2. Mount call is responsible for creation and registration of a root directory inode .
3. Root directory inode is essentially the point of entry to the volume. It furnishes specific function pointers later invoked by VFS for inode related operations (like create) and file operations (like open,read) & directory operations (like readdir).
The above three steps and your file system module is all set, this means Linux will have enough information to translate an “Open” call from application to the file system specific internal open call, thanks to the function pointers inside the root inode.
Another kernel structure which exists for every file & directory, for example, accessing a path “/mnt/ramfs” will lead to creation of two in dentry structures, one each for “mnt” and “ramfs”. Note that “ramfs” dentry will have a parent pointer to “mnt” dentry and a pointer to its own VFS inode. A Dentry in fact encompasses the attributes like name & parent directory of a file system entry. One of the rationales behind separation of the Inode from these attributes is the existence of file links, where a single Inode is shared across multiple Dentries.

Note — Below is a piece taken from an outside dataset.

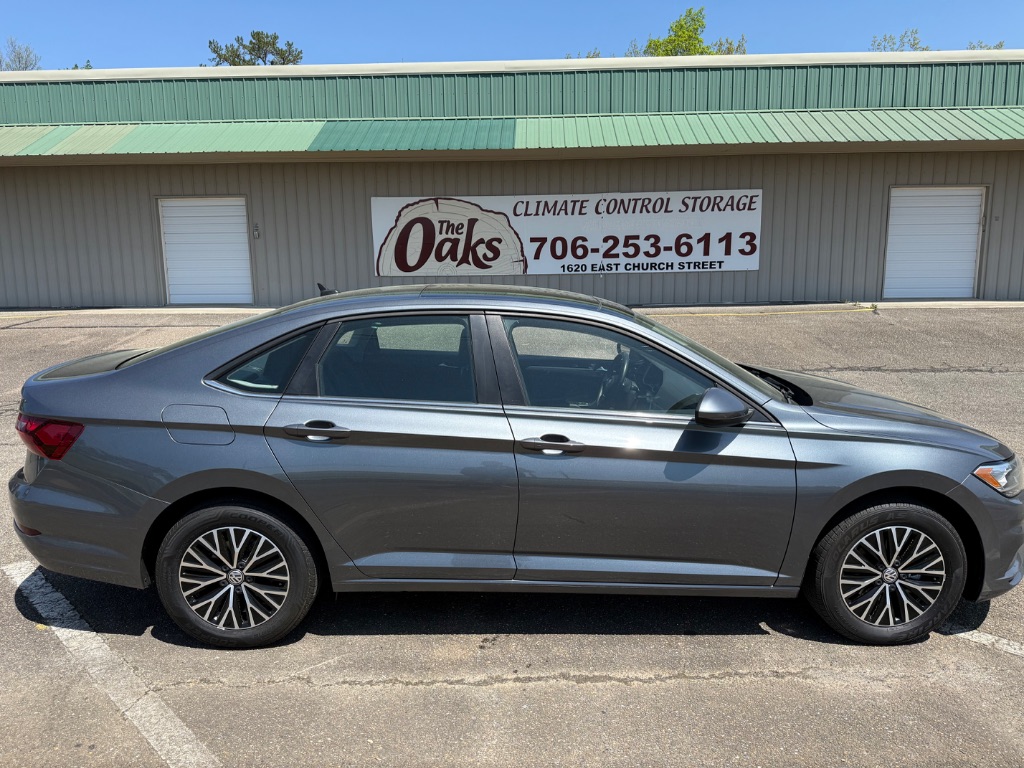 2021 Volkswagen Jetta R-Line photo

Opening a file — Easily said than done!
a. Consider opening a file with the path “/mnt/ramfs/dir1/dir2/foo.txt”
b. The dentry elements in the above path are “mnt”, “ramfs”, “dir1”, “dir2” & “foo.txt”
c. “mnt” dentry will be part of Linux root file system, all dentries are part of a hash table, the string “mnt” will map to a hash table entry giving its dentry pointer. VFS gets the inode pointer from this dentry and every directory inode has a callback function for look-up operation listing on its file/directory entries.

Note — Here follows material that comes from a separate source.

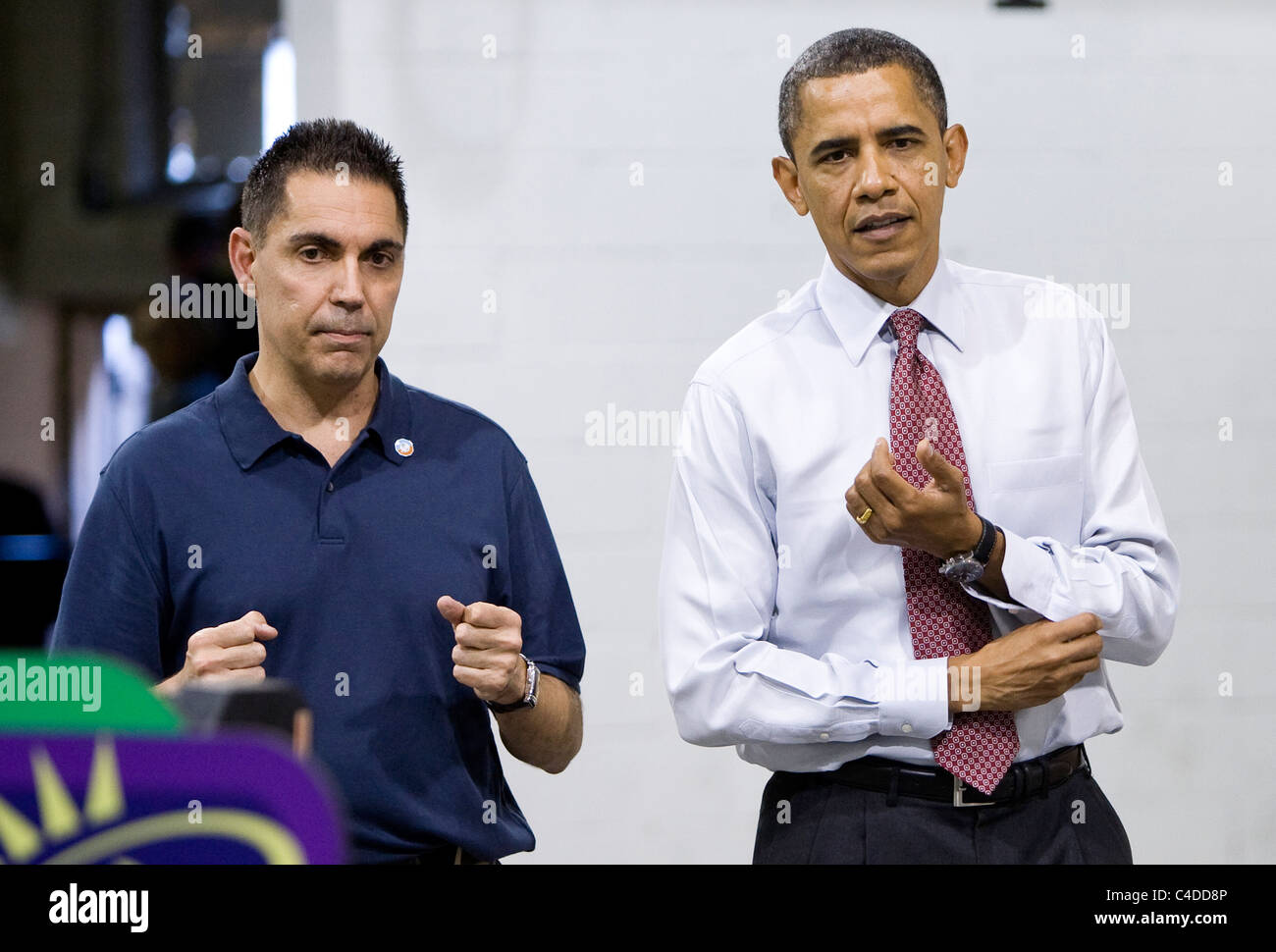 Barack obama signs a baseball hi-res stock photography and images - Alamy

d. Look up called on “mnt” inode will return the inode for “ramfs” along with its dentry.
c. This is an iterative process and eventually VFS will figure out the inodes & dentries of all the elements in a file path.
d. Note that the Inode associated with “foo.txt” will give the open function pointer to invoke the open call specific to the file system driver.
A file system ported to Linux is expected to populate the fields of VFS data structures like Inodes and Dentries so that Linux can understand and convey the file attributes and contents to the user. The obvious differentiating factor across file systems like ext4, UBIFS, JFFS2 etc are their respective algorithms, which also defines the internal data structures and device access patterns.
How Dentries/Inodes are represented and accessed from a storage is specific to file system and this inherently defines their strengths and weaknesses. In crude terms, a file system in Linux comprises of a set of call backs for managing generic VFS data structures, basically Inodes, Dentries, file handlers etc. So we have inode data structure and corresponding associated inode operations, we have file pointer data structure and file operations, dentry data structure and dentry operations and so on.
The crux of a Linux file system is its ability to talk in Linux kernel language of Inodes and Dentries. Also, unless it’s a read only volume this interpretations needs to be done in reverse too. When user makes changes to a file then a file system needs to comprehend the Linux talk and translate those changes into a representation which it might have on the storage. Undoubtedly comprehending Linux VFS mandates deep understanding of Kernel data structures which might mean that a file system writer needs to have a kernel specific layer in the file system code, this undesirable complexity can be immensely reduced by the use of kernel library functions.
Functions which usually start with “generic_” can be interpreted as such a helper function which abstracts the kernel specifics from a kernel module, this is widely used for file system operations like “read”, “write” and even unmount. The usage of generic helper functions within a kernel module can be confusing when studying the code because they tend to blur the kernel and a module specific boundaries, this overlap is convoluted but an extremely effective way to avoid kernel dependencies.
Image Source : http://wiki.osdev.org/images/e/e5/Vfs_diagram.png
Some design philosophy
The design thought behind Linux VFS seems to of “choice”, other than a bare minimum there is always a choice provided to the kernel hacker regarding the implementation of an interface. He or she can either use a generic function, create a custom one or simply set it to NULL. This is an ideal approach for supporting a plethora of widely differing devices and file systems, quite easily visible when we look at the code of an ext4 where there is buffer cache abstraction usage over page cache, compared to page cache sans buffer for UBIFS, versus a direct to the device approach of JFFS2. Accommodating all these widely varying designs requires a flexible rule of law driven framework where everyone can find their niche and yet not impinge on the functionality of another kernel module.